MENENDEZ: You raise such an important point, which is some of these efforts predate Donald Trump, it just that then Donald Trump with his big megaphone, and his influence actually gives them more legitimacy, more juice, and turbo charges and then we keep having this conversation about what it is going to take to root out the big lie, right, to get people to buy back into our democracy and part of it I think your answer is follow the money.

SWARTZ: Well, I think it`s follow the money but I also thought about this a lot since and I think the lawsuit brought by Dominion. That`s a way to stop these people. I think more you know, I`m afraid we`re going to have to fight big money with big money. But I think that we`re just beginning to see some success against fighting voter fraud, but we`ll see what the next election.

MENENDEZ: Mimi Swartz, thank you so much for bringing us your reporting. Coming up, stunning an astronomer no easy feat but new images of Jupiter if did. What it tells us about the inner workings of our solar system`s largest planet when THE 11TH HOUR continues.

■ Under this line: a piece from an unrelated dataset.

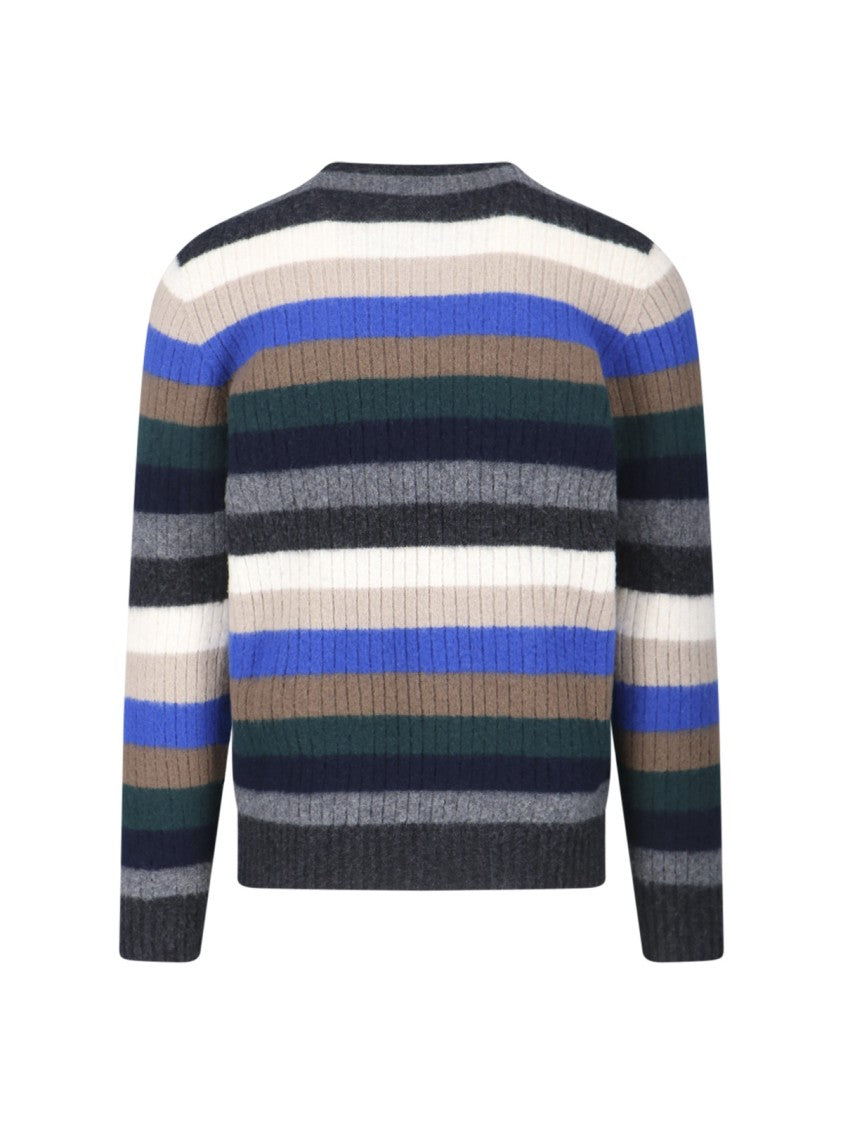 Multicolour Textured Knit Sweater With Ribbed Detailing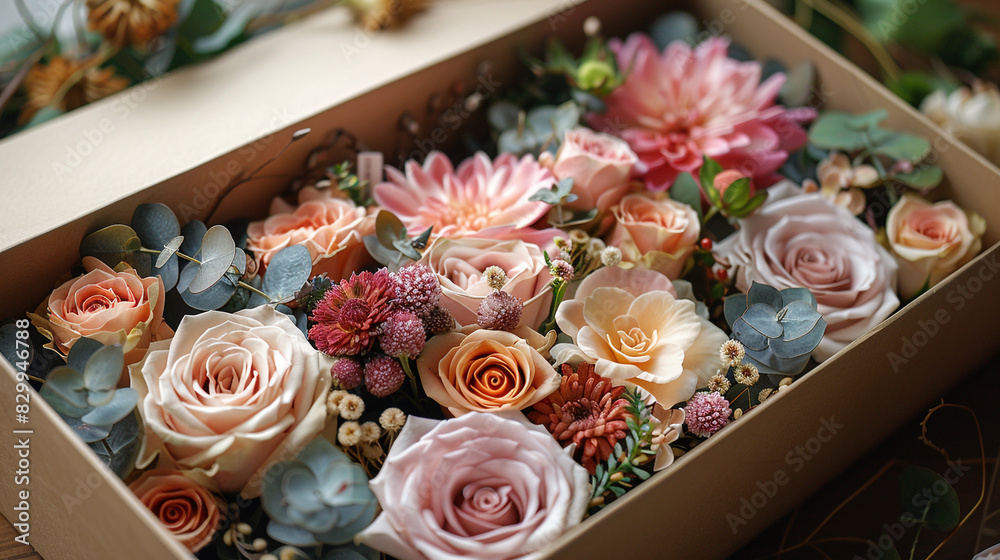 A box of flowers with a variety of colors. The flowers are arranged in a way that creates a sense of harmony and balance
A box of flowers with a variety of colors. The flowers are arranged in a way that creates a sense of harmony and balance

UNIDENTIFIED MALE: In Pasadena, more pictures came in from the Voyager spacecraft. They show something not known before that Jupiter has a ring around it like Saturn. The ring is composed of space debris, and is several miles thick.


MENENDEZ: The last thing before we go tonight, fifth rock from the Sun. Earth got shut down me too. Well, let`s venture into the cosmos for a breather. Back in 1979, the Voyager space probes began sending pictures of Jupiter back to Earth. Scientists were surprised to find moons of fire and dice and then rings around the planet now and what NASA called giant news from the giant planet. The James Webb Telescope is sending back much more detailed images.

A camera with three specialized infrared filters was used to create these images. NASA says that since infrared light is invisible to the human eye, but light has been mapped onto the visible spectrum. And according to one planetary astronomer, quote, we`ve never seen Jupiter like this. It`s all quite incredible that it really expected it to be this good to be honest.

NASA also tweeted this labeled version suggesting we check out the bright waves, swirls and vortices and Jupiter`s atmosphere as well as the dark ring system 1 million times fainter than the planet. Two Moons of Jupiter including one that`s only about 12 miles across they are on the left.

The second photo is created from a composite of several images. The auroras on both the northern and southern poles are visible, as well as the planets Great Red Spot seen here in white. NASA says that spot is actually a storm so big, it could swallow Earth. Yikes.

Then there`s the common misconception that there is no sound in space turns out that`s because most of space is a vacuum. But over the weekend NASA released remix sounds from a black hole 240 million light years away. Take a listen.

And with that, I think I am ready to head back to Earth.


I want to wish you all a good night from all of our colleagues across the networks of NBC News. Thank you for staying up late. We`ll see you here tomorrow at the end of your day.